One for All: Toward Unified Foundation Models for Earth Vision

Zhitong Xiong,Yi Wang,Fahong Zhang,Xiao Xiang Zhu
2024-05-28
Abstract:Foundation models characterized by extensive parameters and trained on large-scale datasets have demonstrated remarkable efficacy across various downstream tasks for remote sensing data. Current remote sensing foundation models typically specialize in a single modality or a specific spatial resolution range, limiting their versatility for downstream datasets. While there have been attempts to develop multi-modal remote sensing foundation models, they typically employ separate vision encoders for each modality or spatial resolution, necessitating a switch in backbones contingent upon the input data. To address this issue, we introduce a simple yet effective method, termed OFA-Net (One-For-All Network): employing a single, shared Transformer backbone for multiple data modalities with different spatial resolutions. Using the masked image modeling mechanism, we pre-train a single Transformer backbone on a curated multi-modal dataset with this simple design. Then the backbone model can be used in different downstream tasks, thus forging a path towards a unified foundation backbone model in Earth vision. The proposed method is evaluated on 12 distinct downstream tasks and demonstrates promising performance.
Computer Vision and Pattern Recognition
What problem does this paper attempt to address?

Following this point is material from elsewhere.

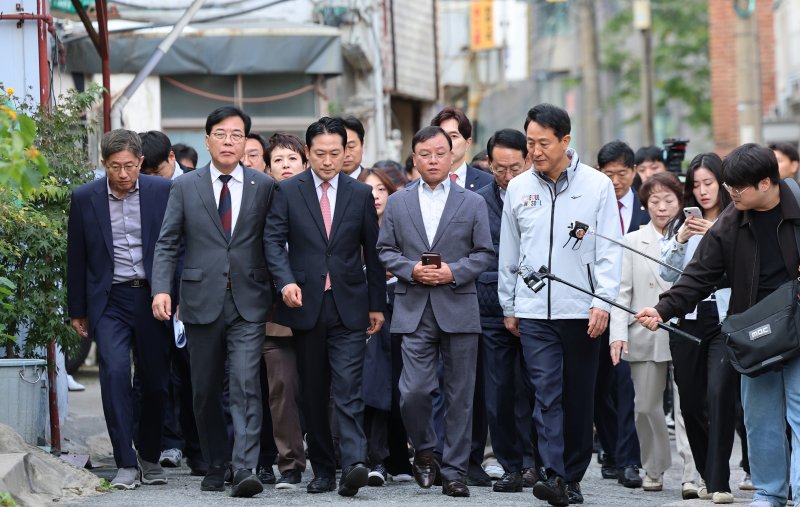 국민의힘 장동혁 대표와 송언석 원내대표, 오세훈 서울시장이 24일 오전 서울 노원구 상계5 재정비촉진구역 현장을 방문해 허원무 조합장과 함께 이동하고 있다. 2025.10.24/뉴스1 ⓒ News1 오대일 기자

The problem that this paper attempts to solve is the limitations of current remote - sensing fundamental models when dealing with multi - modal and different spatial - resolution data. Specifically, existing remote - sensing fundamental models are usually dedicated to a single modality or a specific spatial - resolution range, which restricts their applicability and flexibility in a variety of downstream tasks. Moreover, although there have been attempts to develop multi - modal remote - sensing fundamental models, these models usually need to use different visual encoders for each modality or spatial resolution, resulting in the need to switch the backbone network when processing different input data, which affects the flexibility and operational efficiency of the model. To meet this challenge, the paper proposes a new method - OFA - Net (One - For - All Network), which uses a single shared Transformer backbone network to process multiple data modalities and different spatial resolutions, thereby achieving a unified fundamental model framework. This method not only simplifies the model design but also improves the model's adaptability and performance in different downstream tasks. The OFA - Net proposed in the paper was evaluated on 12 different downstream tasks and demonstrated its excellent performance on multiple tasks.